Fully Homomorphic Encryption (FHE) is a groundbreaking cryptographic technology that enables computation directly on encrypted data, but its practical adoption continues to be hindered by high computational costs. GPUs have emerged as an increasingly attractive acceleration platform, offering massive parallelism and architectural flexibility to accommodate rapidly evolving FHE algorithms. Despite notable advances, most efforts remain confined to isolated, single-level optimizations, limiting their ability to push performance boundaries.

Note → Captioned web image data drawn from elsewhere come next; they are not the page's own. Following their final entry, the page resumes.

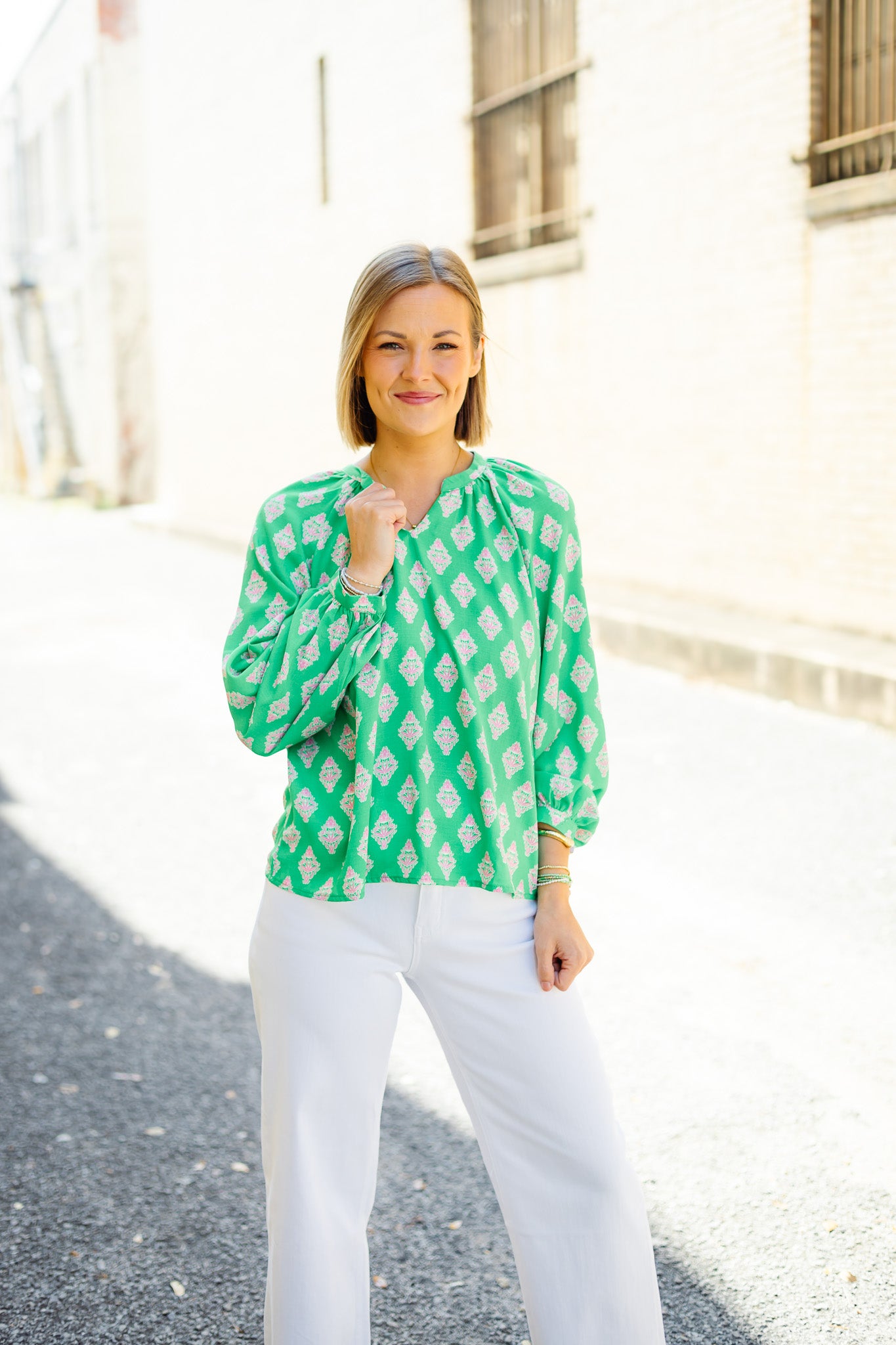 Mary Square: Scarlette Top | Early Riser Green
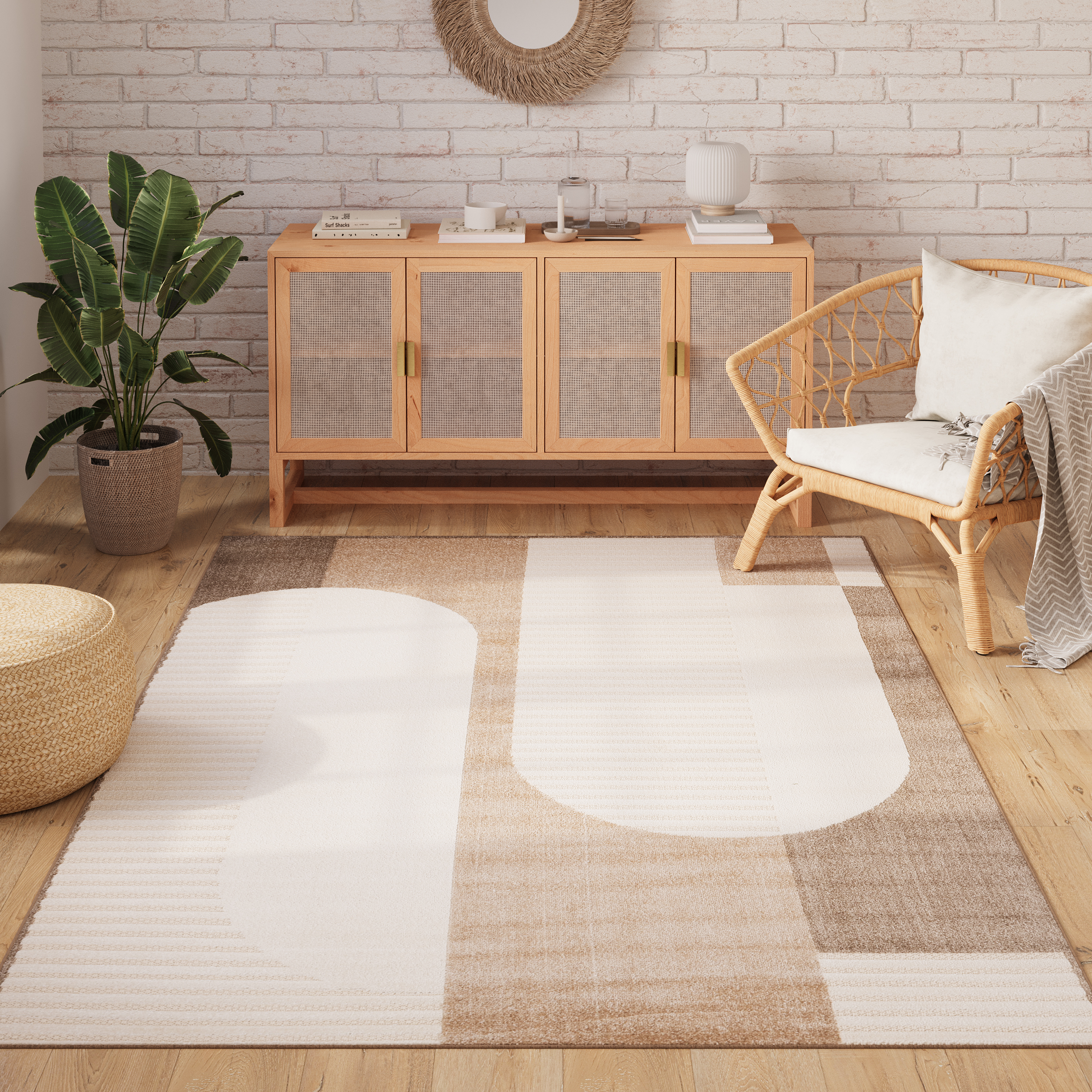 Teppich Outdoor Patio Creme Braun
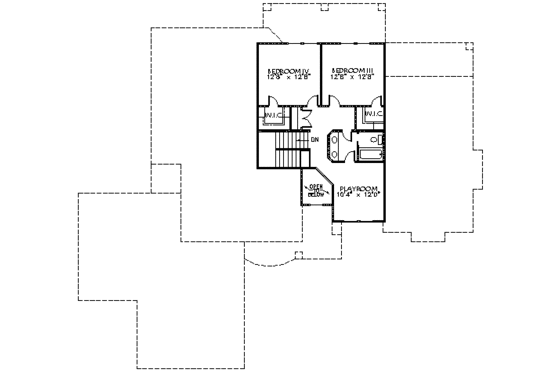 Floor Plan - Upper Floor for Mediterranean House Plan #24-225 - 4 bed, 3.5 bath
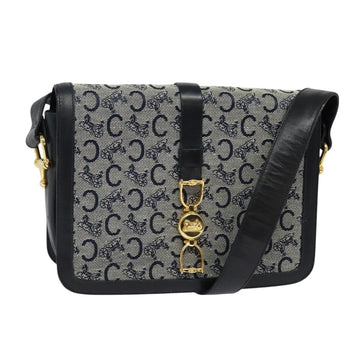 CELINE C Sulky Shoulder Bag Canvas Navy Gold Auth SW991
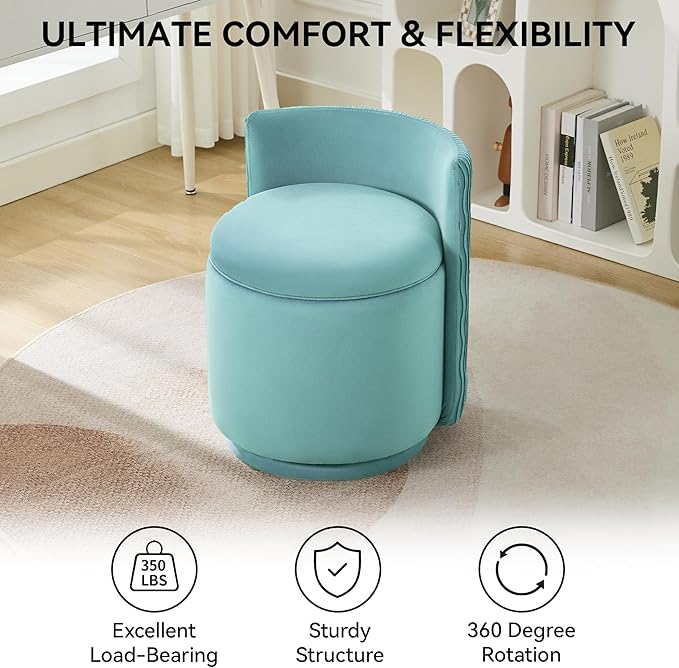 Velvet Vanity Chair with Storage 360° Swivel Makeup Chair with Wave Back No Assembly Small Accent Stool for Bedroom Dressing Living Room Teal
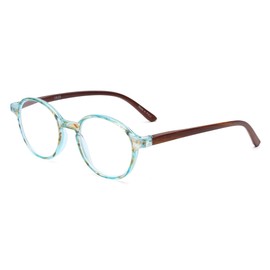 2SeeLife Aqua Blue Round Reading Glasses for Men & Women – Trendy Retro Designer Readers with Solid & Sturdy Frame, Spring Hinges, Scratch Resistant, Premium Fit for All Face Shapes, Strength 1.00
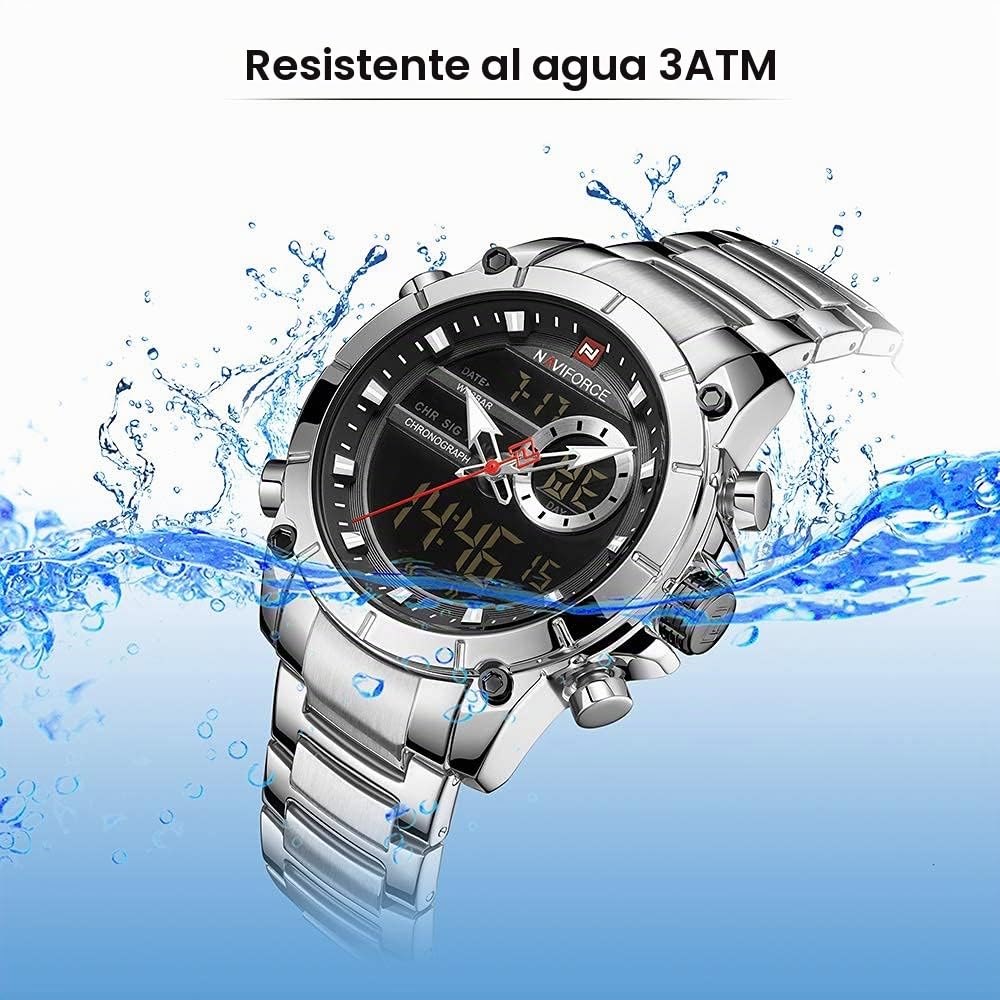 Naviforce Reloj Deportivo Digital para Hombre Relojes Militares de Acero Inoxidable de Cuarzo Impermeable Multifuncional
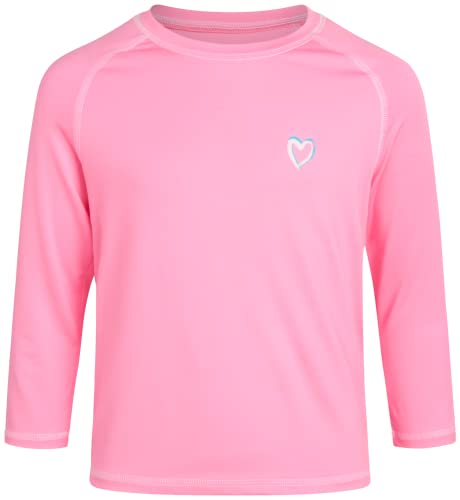 Girls Long Sleeve Rash Guard - UPF 50+ Quick Dry - Cotton Candy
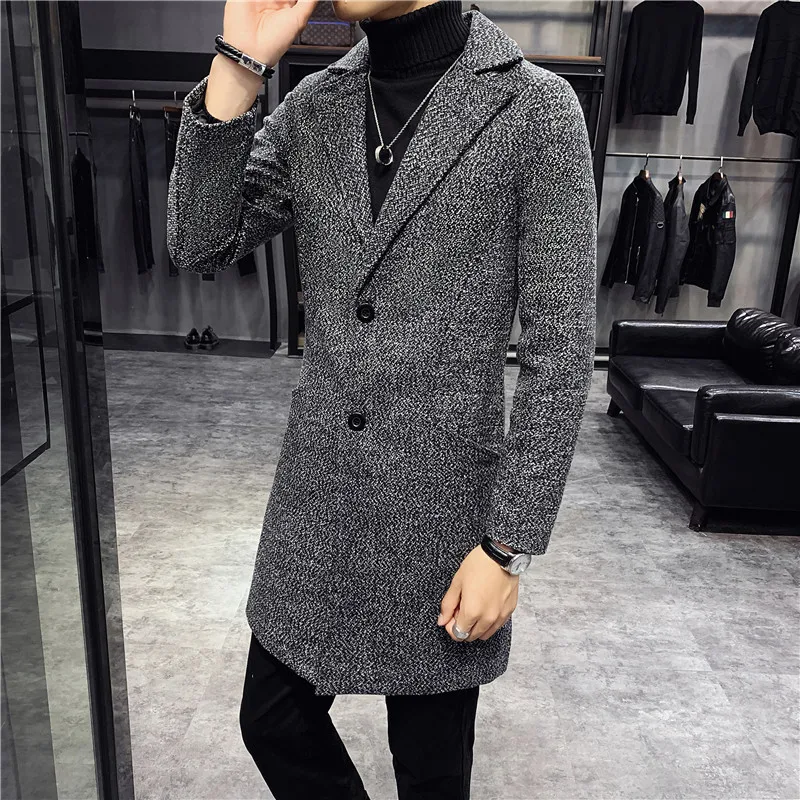 

Cappotto Uomo Lana Erkek Montlari Winter Coat Slim Fit Abrigo Largo Hombre Men Long Woolen Windbreaker Overcoat Mantel Wolle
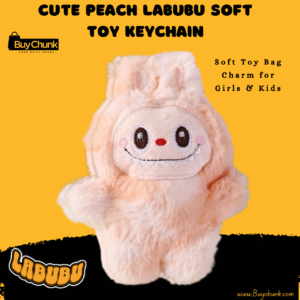 Front view of Labubu Peach plush bag charm soft toy keychain.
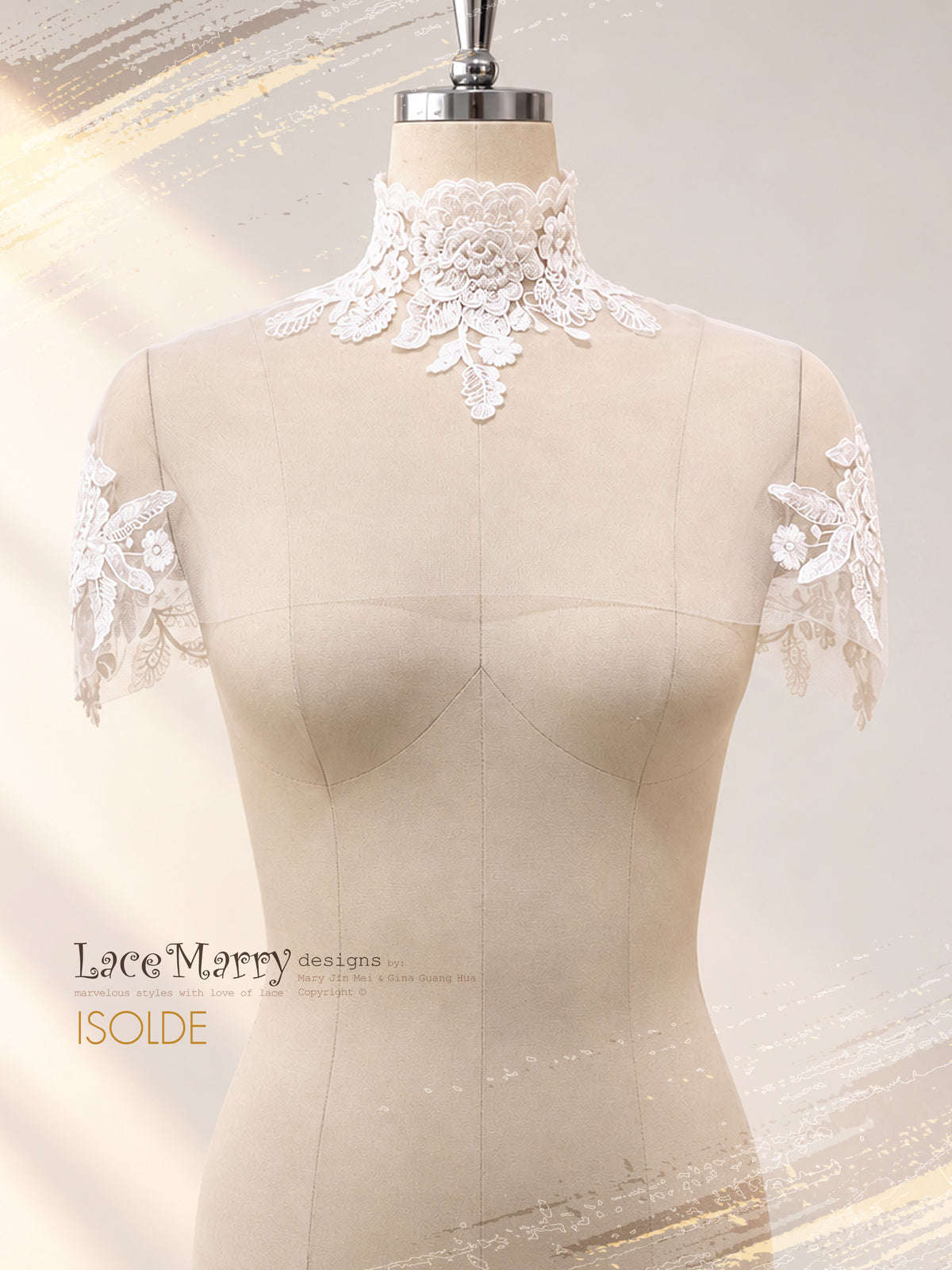 ISOLDE / Bridal Lace Capelet with Illusion Neckline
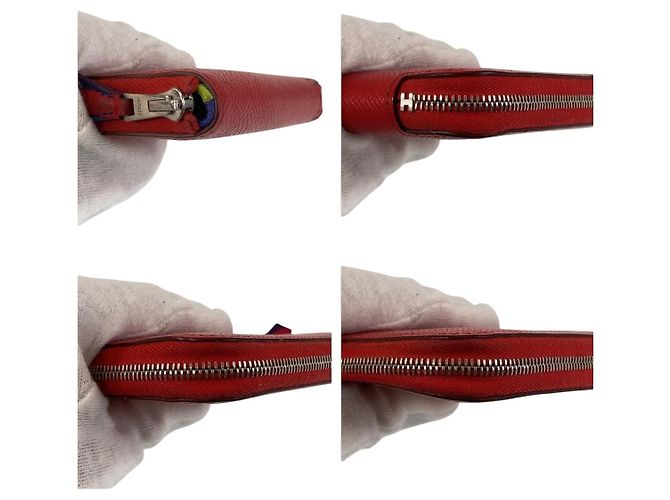 Hermès Portafoglio Hermes Azap Silk In Compact in pelle Epsom e seta - vista 3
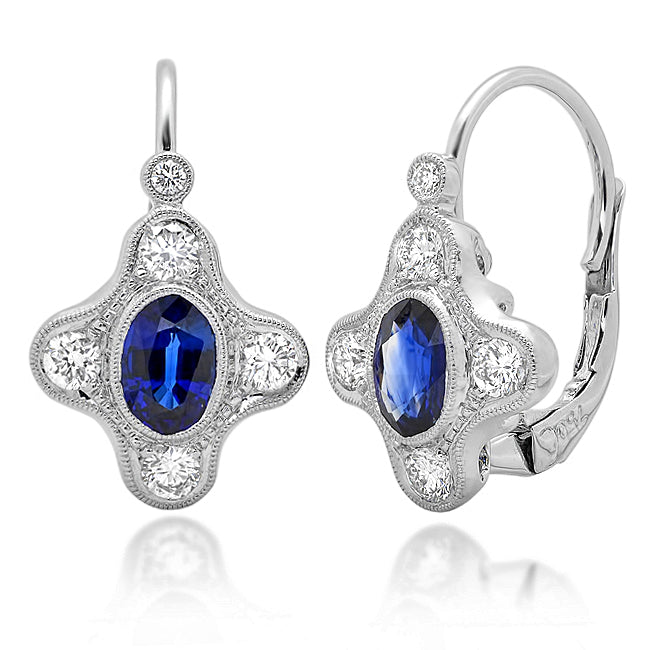 Diamond and Sapphire Leverback Earring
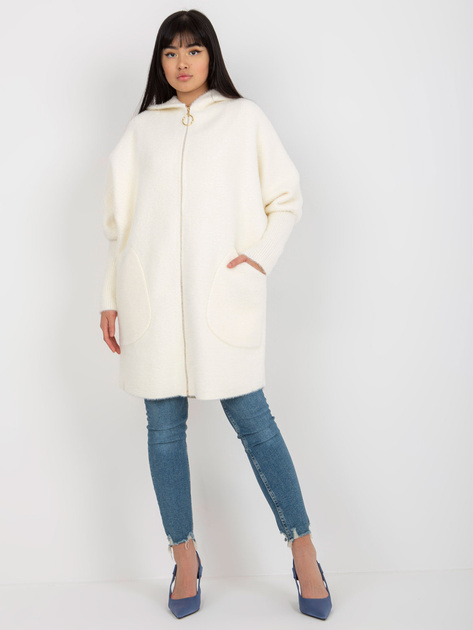 Hurtownia Ecru damski płaszcz alpaka z dodatkiem wełny
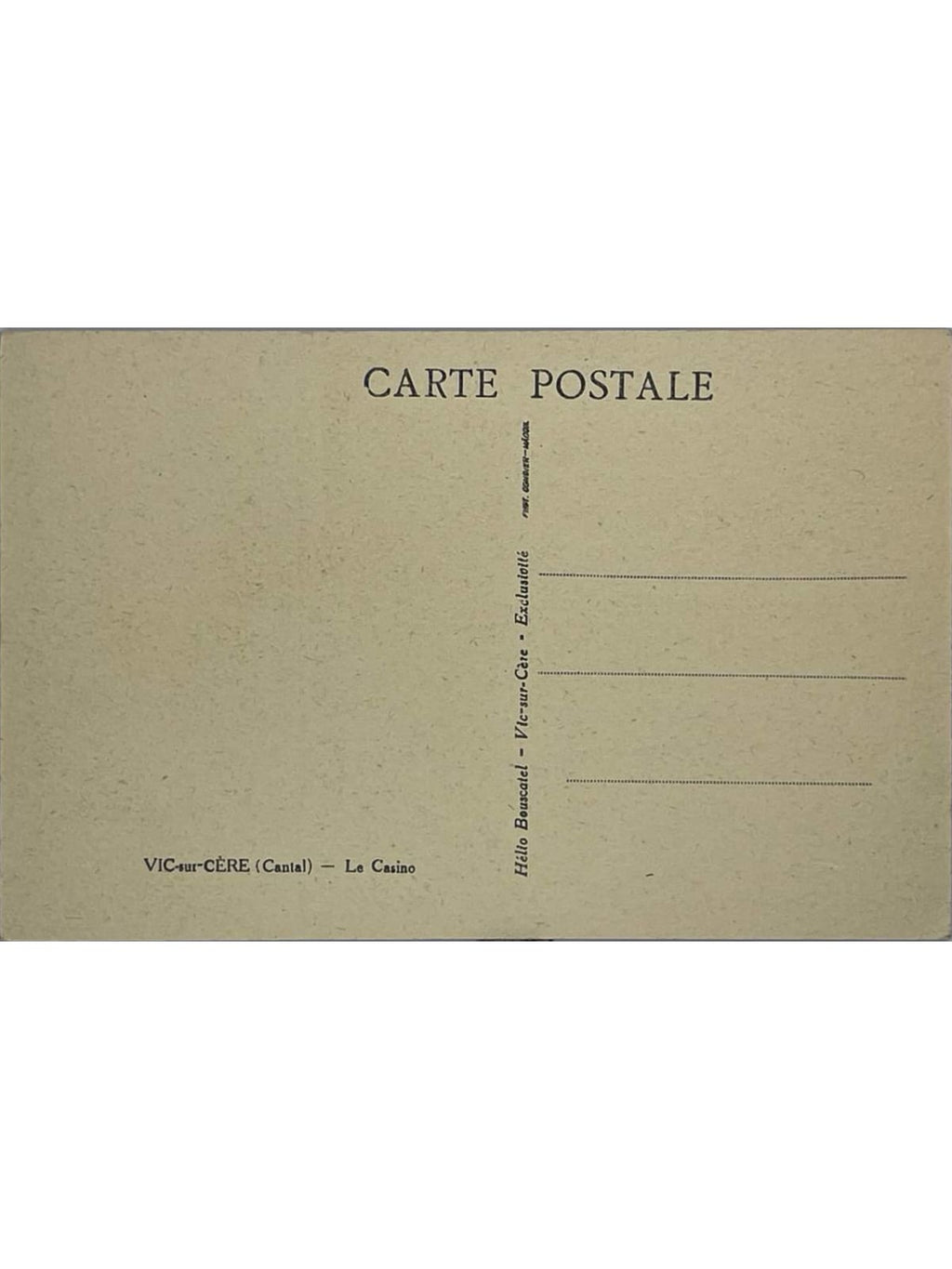Verso de la carte postale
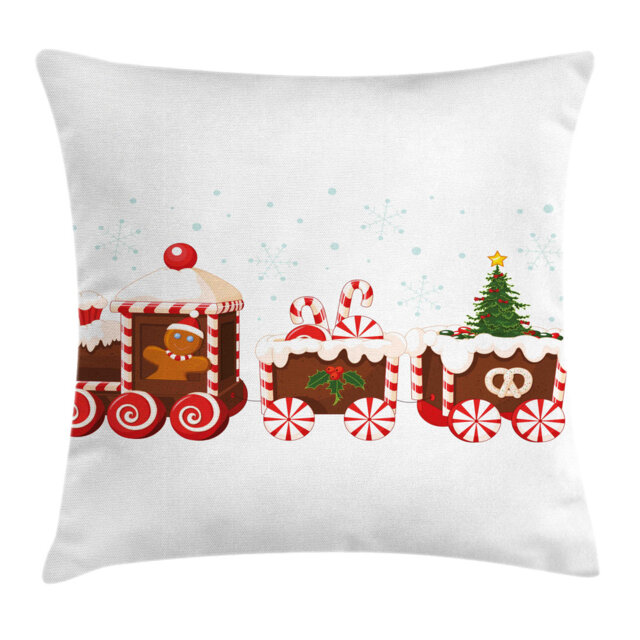 Subhan Christmas Gingerbread Train Outdoor Cushion Cover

In this paper, we present Peregrine, an efficient GPU-based TFHE acceleration built upon multi-level co-design of external product (EP) operations across parallelism, implementation, and scheduling. First, we propose a synchronization-free key unrolling technique that restructures the execution pipeline via operator decoupling, thereby unlocking greater EP-level parallelism. Second, we consolidate fragmented operators into a matrix-centric execution pattern, yielding a high-arithmetic-intensity kernel that substantially enhances external product efficiency. Third, we propose a hierarchical tiling strategy that reformats ring ciphertexts into the Module structure and schedules polynomial-level tiles for fine-grained GPU mapping of EP operations. Experimental results show that Peregrine outperforms up to 176.9× and 2.2× over state-of-the-art CPU and GPU baselines, respectively. Furthermore, Peregrine delivers performance comparable to leading ASIC accelerators, demonstrating its strong applicability to security-critical workloads.